The records that follow are to be repeated exactly, without any pictures.
═══ Dataset extract
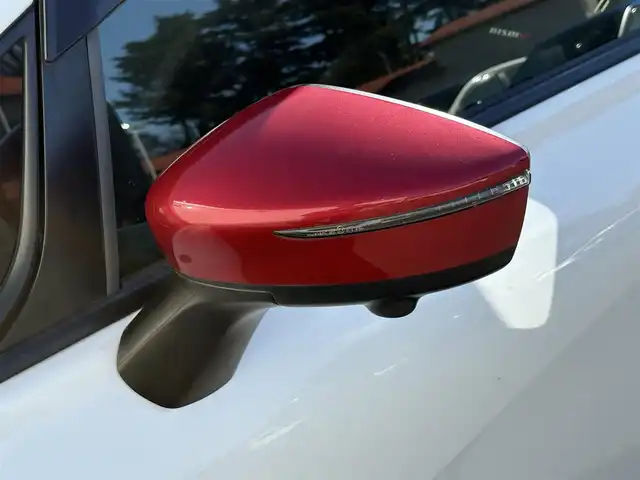 日産 ノート 岩手県 2020(令2)年 1.8万km ブリリアントホワイトパール 禁煙車/nismoシート/全方位カメラ/追従型クルーズコントロール/デジタルインナーミラー/純正ナビ/→フルセグTV/Bluetooth/CD/DVD/FM/AM/バックカメラ/ステアリングスイッチ/レーンキープアシスト/衝突軽減システム/横滑り防止装置/前後コーナーセンサー/オートライト/LEDヘッドライト/LEDフォグライト/〇プッシュスタート/〇電動格納ミラー/〇ウィンカーミラー/〇ドアバイザー/〇フロアマット/〇シガーソケット/〇スマートキー/〇スペアキー/純正前後ドライブレコーダー/ETC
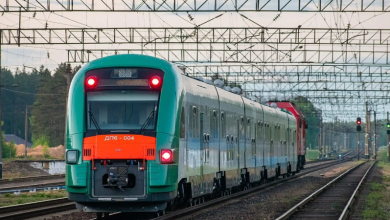 Дизель-поезд PESA и электровоз на станционных путях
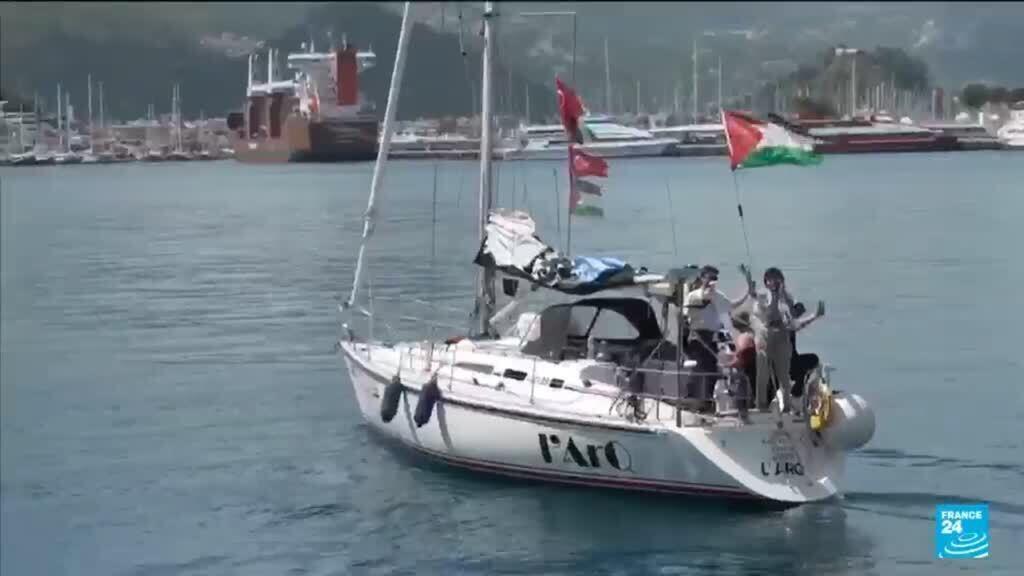 Video thumbnail for Gaza flotilla sails for a third time despite threats: 500 activists depart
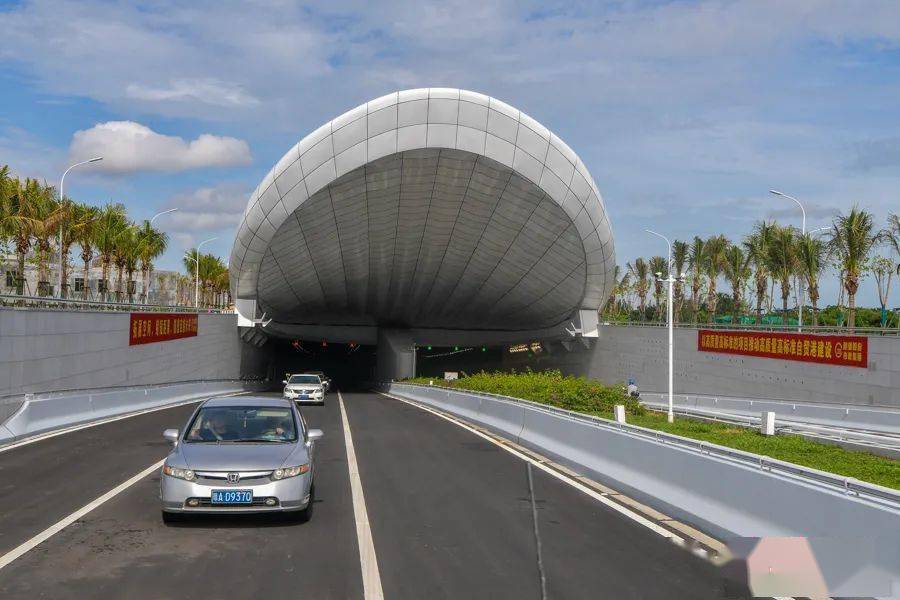 海南自贸港百日画卷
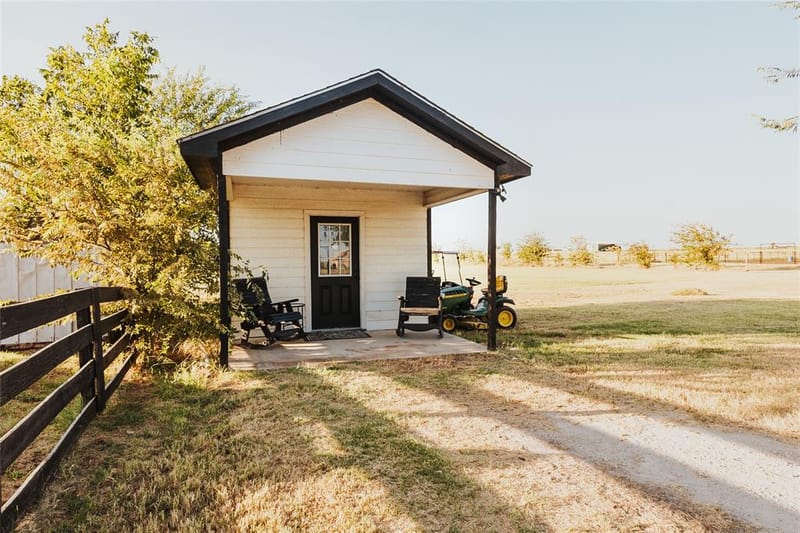 246 Hcr 1450 N, Covington TX 76636 - Photo 19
══════
• _Your response_
 日産 ノート 岩手県 2020(令2)年 1.8万km ブリリアントホワイトパール 禁煙車/nismoシート/全方位カメラ/追従型クルーズコントロール/デジタルインナーミラー/純正ナビ/→フルセグTV/Bluetooth/CD/DVD/FM/AM/バックカメラ/ステアリングスイッチ/レーンキープアシスト/衝突軽減システム/横滑り防止装置/前後コーナーセンサー/オートライト/LEDヘッドライト/LEDフォグライト/〇プッシュスタート/〇電動格納ミラー/〇ウィンカーミラー/〇ドアバイザー/〇フロアマット/〇シガーソケット/〇スマートキー/〇スペアキー/純正前後ドライブレコーダー/ETC
 Дизель-поезд PESA и электровоз на станционных путях
 Video thumbnail for Gaza flotilla sails for a third time despite threats: 500 activists depart
 海南自贸港百日画卷
 246 Hcr 1450 N, Covington TX 76636 - Photo 19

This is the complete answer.